Д.В. Ранее вы не раз говорили, что у вас около полудюжины незавершенных романов. И, если я правильно вас поняла, «Дэниел Мартин» тоже некогда попадал в этот разряд. Собираетесь ли вы как-то переработать и, может быть, опубликовать что-то из этих произведений? Читатели с нетерпением ждут от Фаулза новых романов. Каковы ваши планы на сей счет?

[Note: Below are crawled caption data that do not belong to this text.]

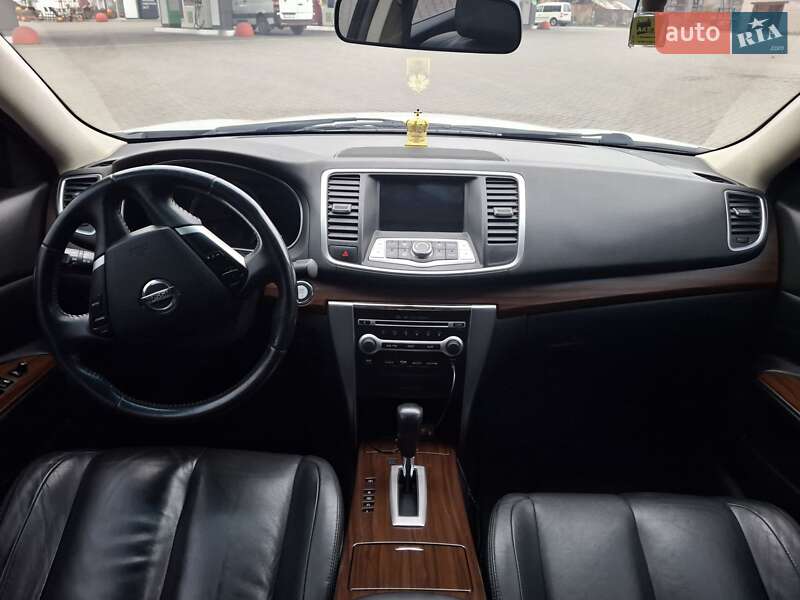 Седан Nissan Teana 2011 в Житомире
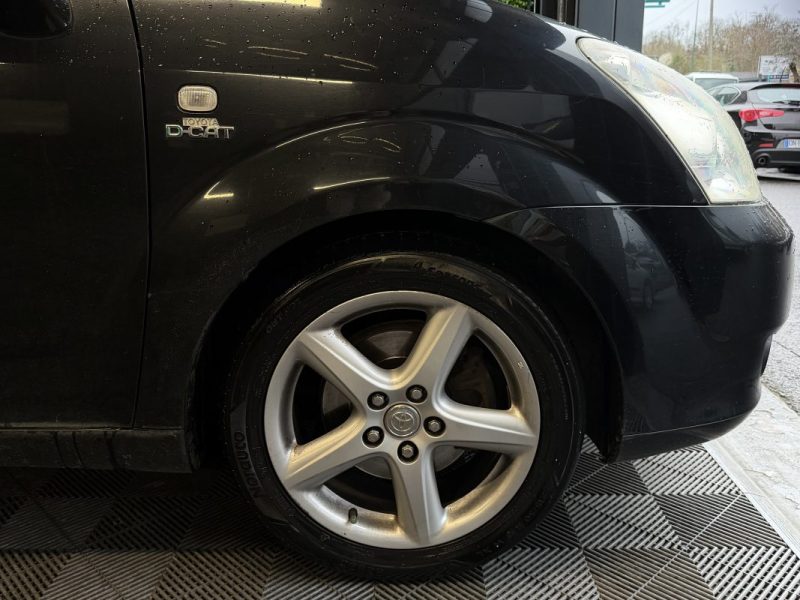 TOYOTA COROLLA VERSO II 2.2 D4-D 177cv / ECRAN GPS CAMERA RECUL ATTELAGE BVM6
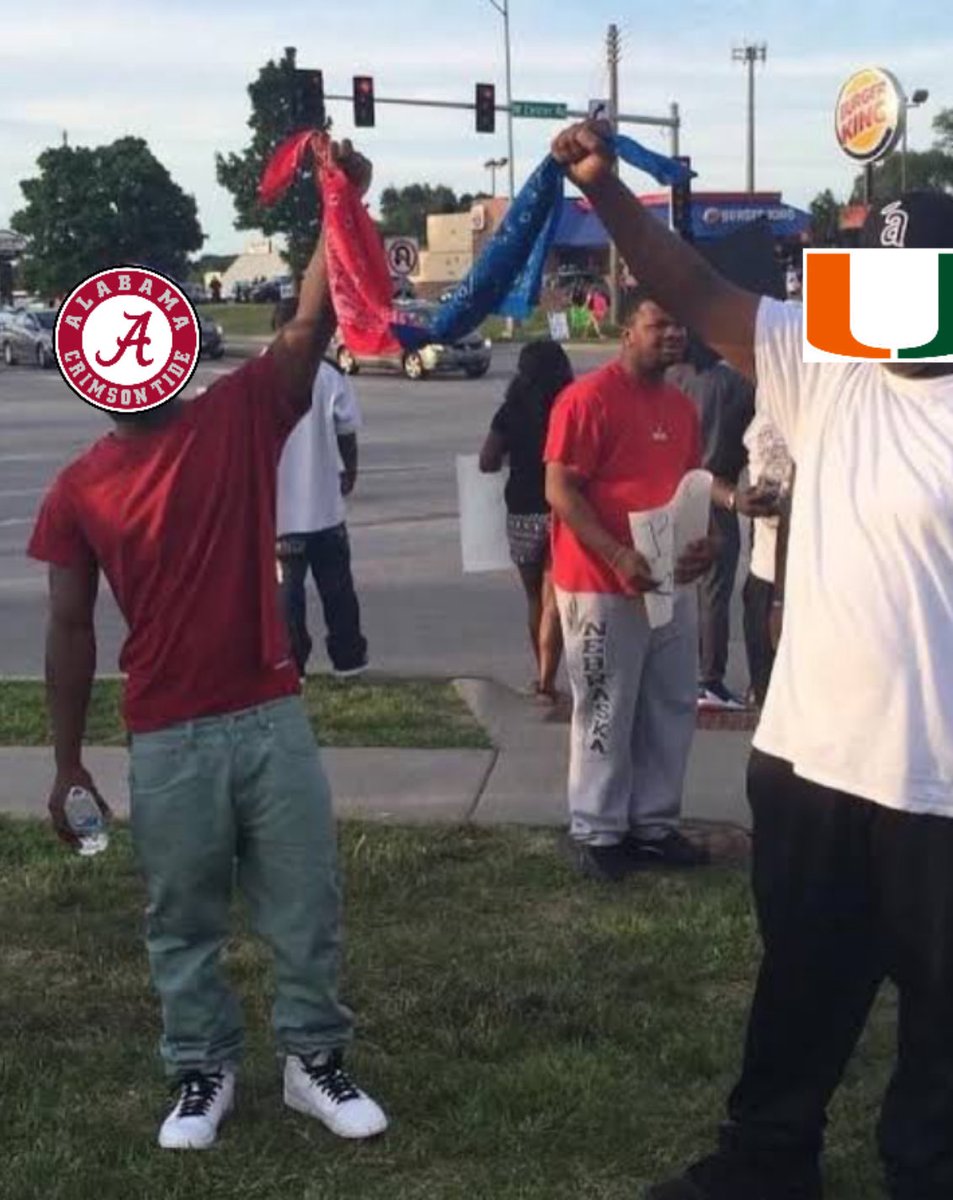 Jesus_Tha_Goat's tweet photo. Bama 🤝 Miami when it comes to shutting Notre dame fans asses up. https://t.co/yyV4lUBe6T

Д.Ф. Не стану притворяться, что сижу на груде незаконченных книг и мечтаю лишь о том, как бы их опубликовать. Я терпеть не могу быть связанным по рукам и ногам подобным положением дел. Существуют, собственно, две «возможные» книги. Об одной я уже говорил публично, хотя обычно подобные выступления – это наилучший способ «абортировать» любую идею или проект. Я имею в виду роман, действие которого происходит в квазимифических Балканских горах. Этим произведением я «развлекаюсь» уже почти десять лет, однако мои чувства по отношению к нему по-прежнему невероятно живучи и изменчивы. Я чуть ли не каждый месяц начинаю этот роман заново. Довольно приятная забава для его единственного читателя (то есть для меня самого), но сущий кошмар для всех остальных, включая издателей. Я познаю этот роман (его рабочее название «В Хеллугалии») на опыте, словно познавая на опыте сны наяву. Есть и другая книга, «Тессера»; это нечто вроде экзистенциалистской мозаики, являющей собой события из жизни человека, который в 50-е годы XX века был беден, не имел ни связей, ни конкретных целей и которого никто не хотел публиковать. Впрочем, по-моему, Керуак и его «движение»[504]уже сделали примерно то же самое и куда лучше меня. У меня, пожалуй, действительно не хватает нормального литературного тщеславия – а может, дело в том, что мне совершенно ясно: актуальность моих произведений значительно ниже той, какую я для них втайне желал бы. Практически все писатели пишут для того, чтобы стать известными, обрести так называемый собственный авторский стиль. А я бы предпочел писать нечто вроде народных историй, способных исцелять душу. Я не буддист, но мне часто неприятны проявления эгоцентризма, столь свойственного художникам и интеллектуалам, в общем, представителям «думающего сословия» как в Европе, так и в Америке.